神様は成功や、成果、大金を献げてほしいと願っているのではありません。神様は折れてしまった心、粉々になってしまった心、引き裂かれた心、それを持って神様の前に来るようにと招いているのです。神様にささげるのは良いものばかりではなくていいのです。むしろ苦しい思いをもって、痛みを持って、神様の前に来るようにと招かれているのです。

神様はそのような打ち砕かれた心をささげる時、喜んでくださるお方です。神様は打ち砕かれた心こそ献げ物にふさわしいと言います。そして神様がそこに新しい心を創造してくださるのです。ダビデの本当の祈りと献げ物は、そのような打ち砕かれた霊の中に起きたのです。

うまくいくということはいい事です。でも教会のすべてや、それぞれの生活がすべてうまくいっているわけではないはずです。私たちが大切にしたいのは、うまくいってそうな教会の中で、あるいはそれぞれの生活の中でも、互いの傷ついた心、しんどい思い、それをこの礼拝にもって来て、献げようということです。

うまくいく時も、そうでない時も必ずそのような打ち砕かれた霊は自分や他者の中にあるものです。それを一緒にこの礼拝で、祈りの中でささげてゆきたいのです。

そこそこうまくいっていると感じた時は注意が必要です。ダビデのような失敗をしてしまう時だからです。自分は正しかった、自分の思い通りになると思ってしまう時です。私たちが礼拝でささげるのは、そのような思いではありません。

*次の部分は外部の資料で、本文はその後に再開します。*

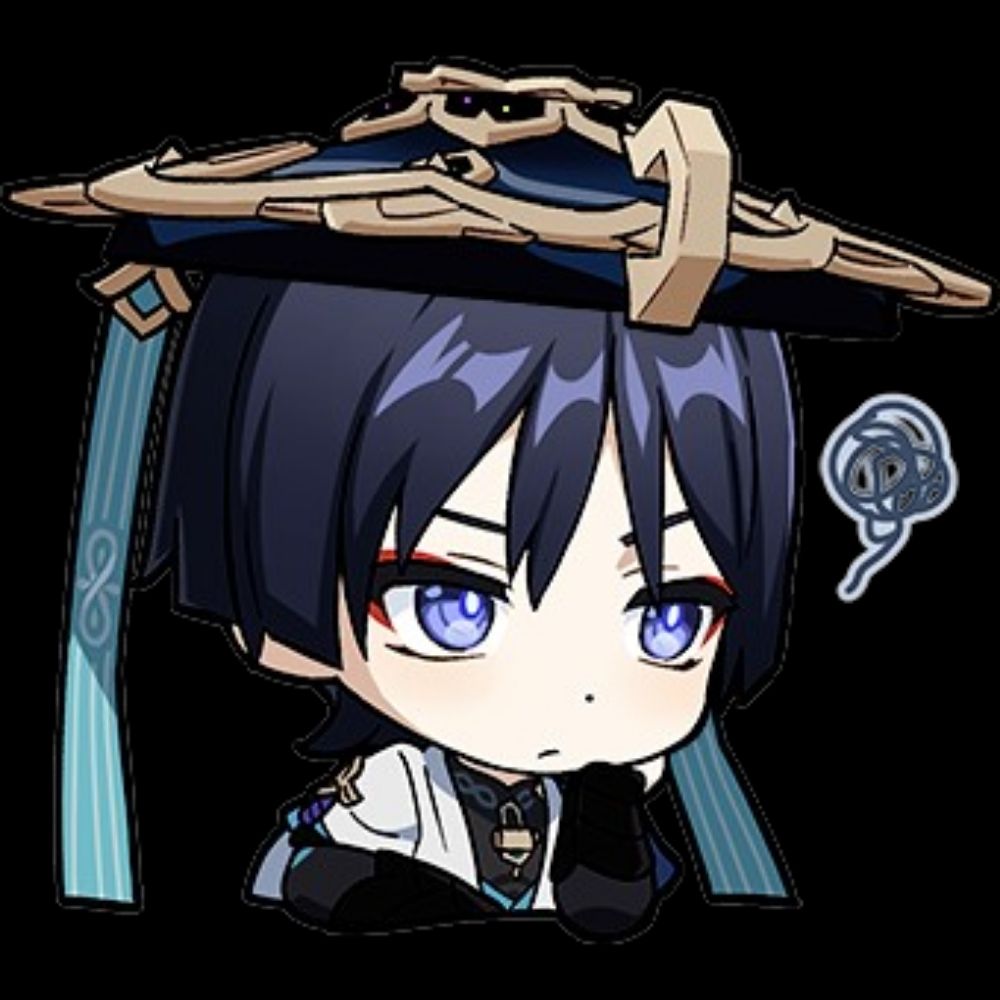 むらくも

私たちが礼拝で献げるのはひたすら打ち砕かれた霊なのです。

私たちはその打ち砕かれた霊の中に、神様が清い心を創造してくださることを、祈り求めてゆきましょう。そして新しく確かな霊・心が授けられるように祈ってゆきましょう。私たちは毎週、互いの中にある痛みや欠けを持ち寄って、神様に献げてゆきましょう。折れた心、引き裂かれた自分を献げてゆきましょう。

神様はそこから、そこにこそ新しい心、新しい霊、新しい道を創造してくださるお方です。お祈りをいたします。